[DATASET SECTION]
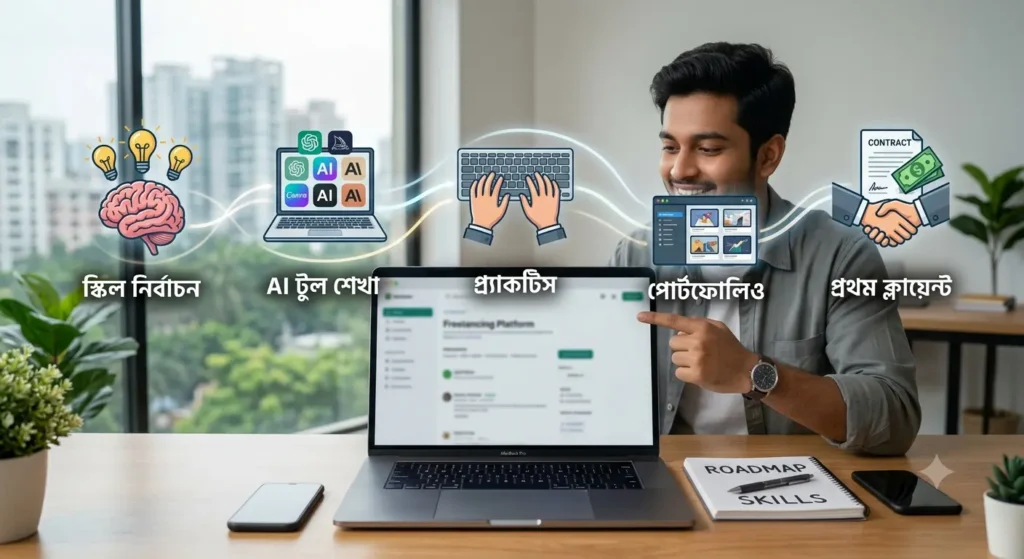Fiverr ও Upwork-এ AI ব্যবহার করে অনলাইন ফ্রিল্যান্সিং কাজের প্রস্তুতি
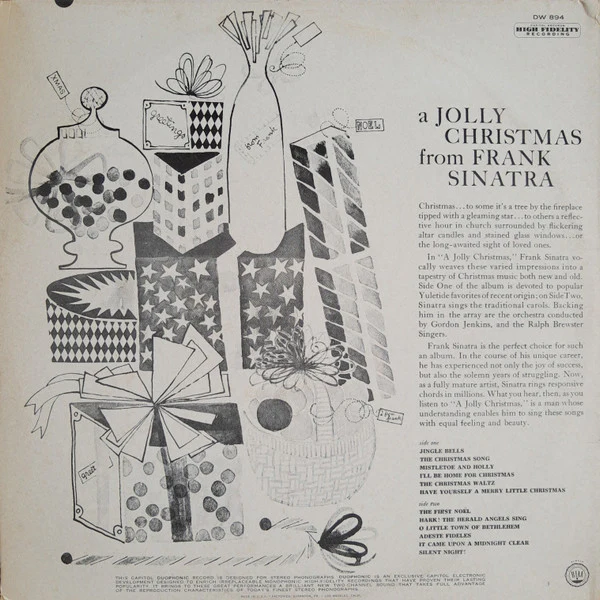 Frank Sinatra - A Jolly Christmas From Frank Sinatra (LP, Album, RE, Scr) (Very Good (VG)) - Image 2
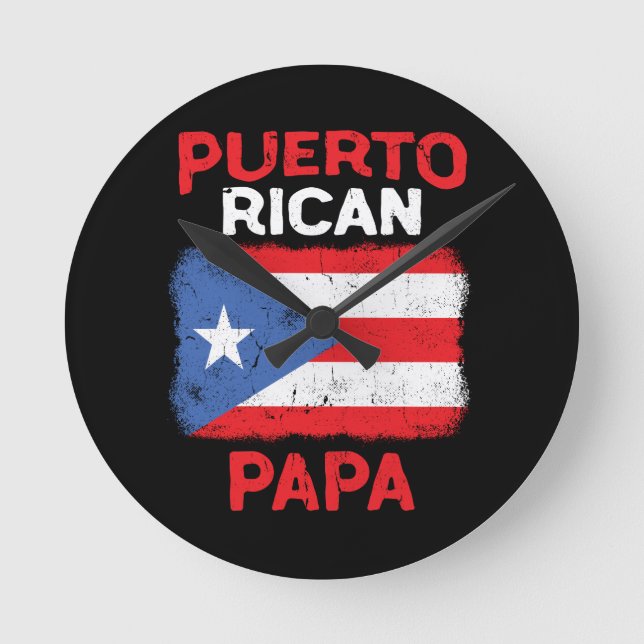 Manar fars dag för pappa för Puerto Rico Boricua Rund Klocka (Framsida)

[WHAT YOU ARE ASKED TO DO] Write out the material above precisely, leaving each picture behind.

[SOLUTION]
Fiverr ও Upwork-এ AI ব্যবহার করে অনলাইন ফ্রিল্যান্সিং কাজের প্রস্তুতি
 Frank Sinatra - A Jolly Christmas From Frank Sinatra (LP, Album, RE, Scr) (Very Good (VG)) - Image 2
 Manar fars dag för pappa för Puerto Rico Boricua Rund Klocka (Framsida)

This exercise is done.